Un viaje entre Sanlúcar de Guadiana y Alcoutim por la memoria de Al-Ándalus y Portugal
Hay lugares que se visitan y otros que nos transportan de una época a otra, hasta el punto de dejar de sentirnos simples viajeros para convertirnos en testigos de una historia que sigue respirando entre las piedras, las fortalezas y el curso de un río.
Mi recorrido por Sanlúcar de Guadiana, en España, y Alcoutim, en Portugal, fue precisamente uno de esos viajes. Allí comprendí que el Guadiana nunca fue únicamente una frontera natural entre dos países, sino el hilo invisible que ha unido civilizaciones, pueblos y culturas durante más de dos mil años.

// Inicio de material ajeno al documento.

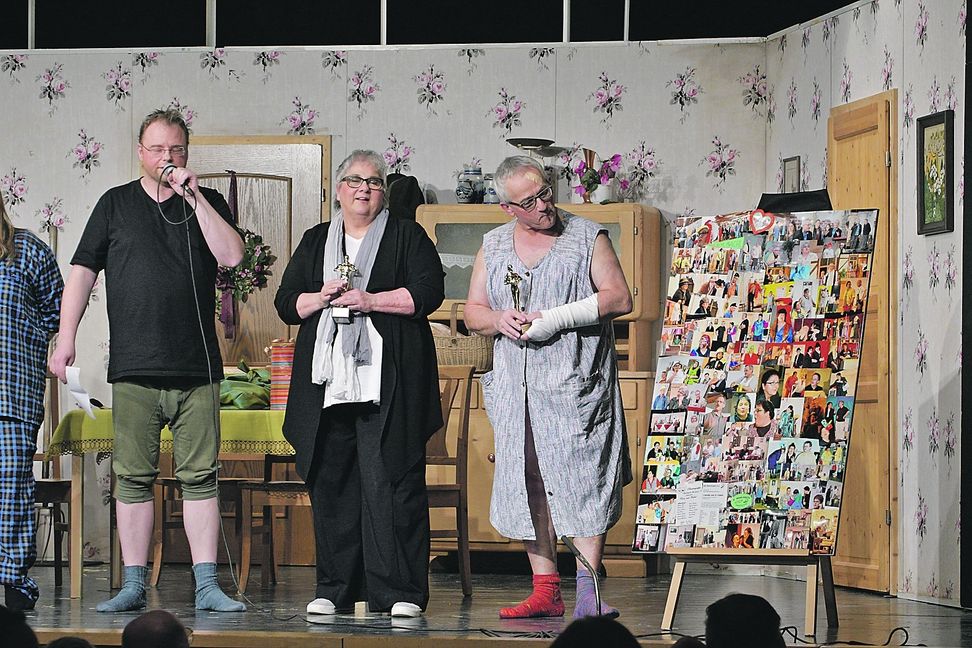 Jubiläum bei „D’Rankbachl“: Matthias Haug (links) ehrt Heidrun und Michael Kriegler für 40 Jahre Theaterspielen.  Bild: Karl-Heinz Ziegler/z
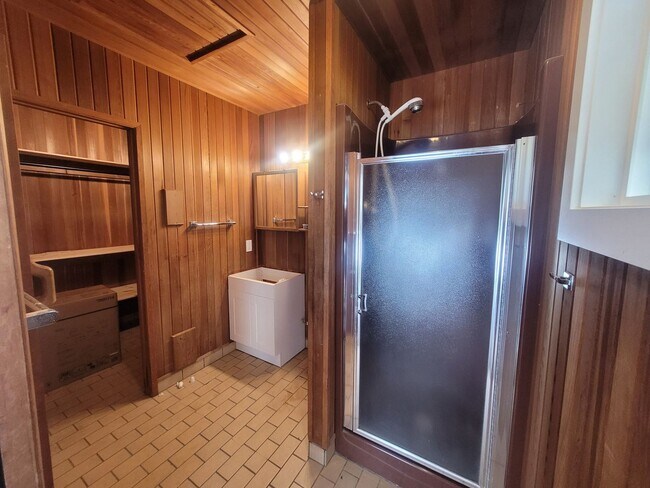 Building Photo - Remodeled 3 Bedroom Plus Office with Large...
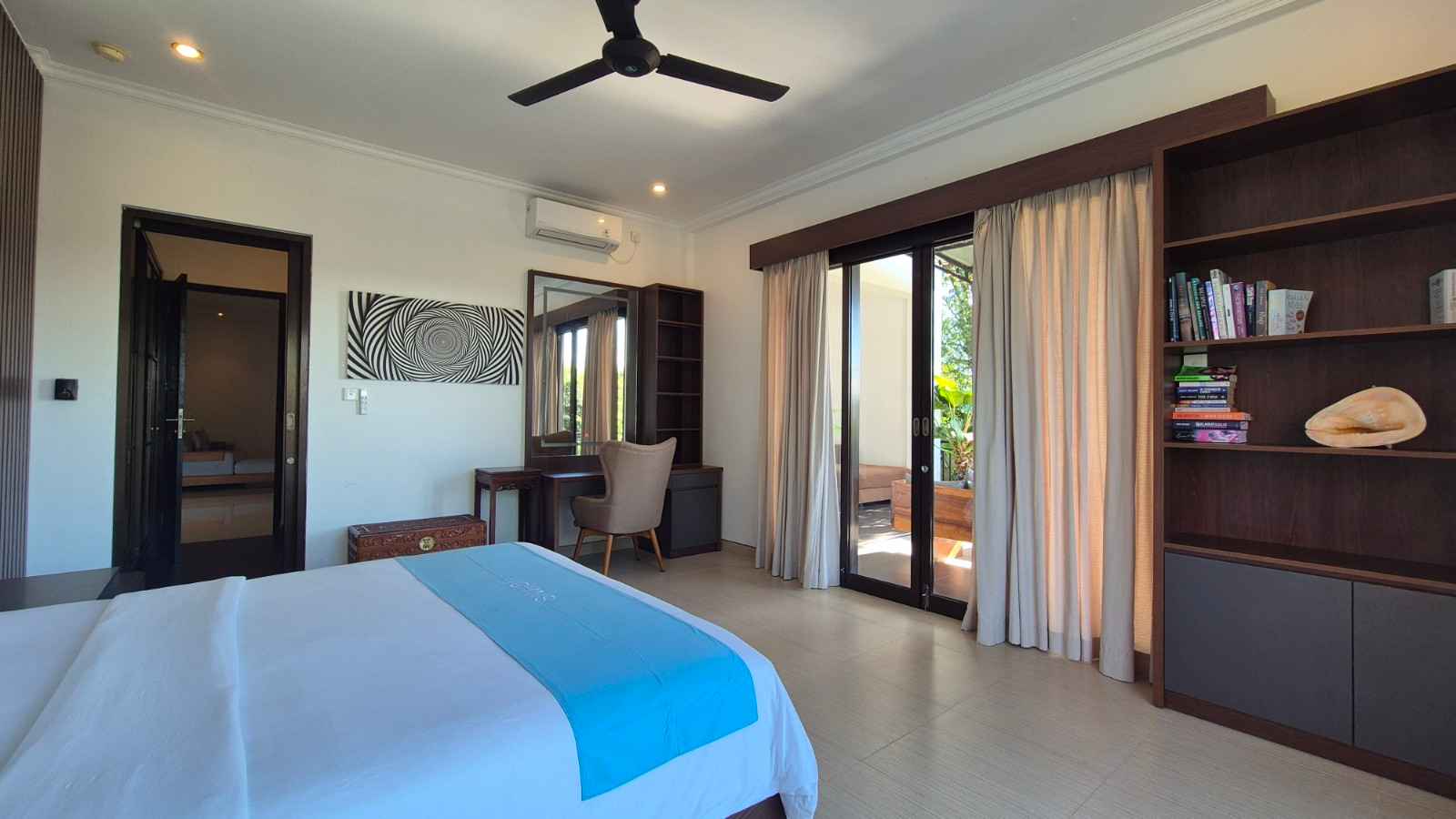 Jimbaran,Bali,Indonesia,5 Bedrooms,5 Bathrooms,Villa,MLS ID 2623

Con el paso del tiempo he llegado a la conclusión de que las ciudades no se miden por el número de sus habitantes ni por la amplitud de sus avenidas, sino por la memoria que conservan. Hay pequeñas localidades capaces de albergar más historia que muchas grandes capitales.
Eso fue exactamente lo que encontré al detenerme frente al Guadiana, cuyas aguas tranquilas apenas dejan entrever que han sido testigo de guerras, rutas comerciales, conquistas y encuentros entre pueblos desde la Antigüedad.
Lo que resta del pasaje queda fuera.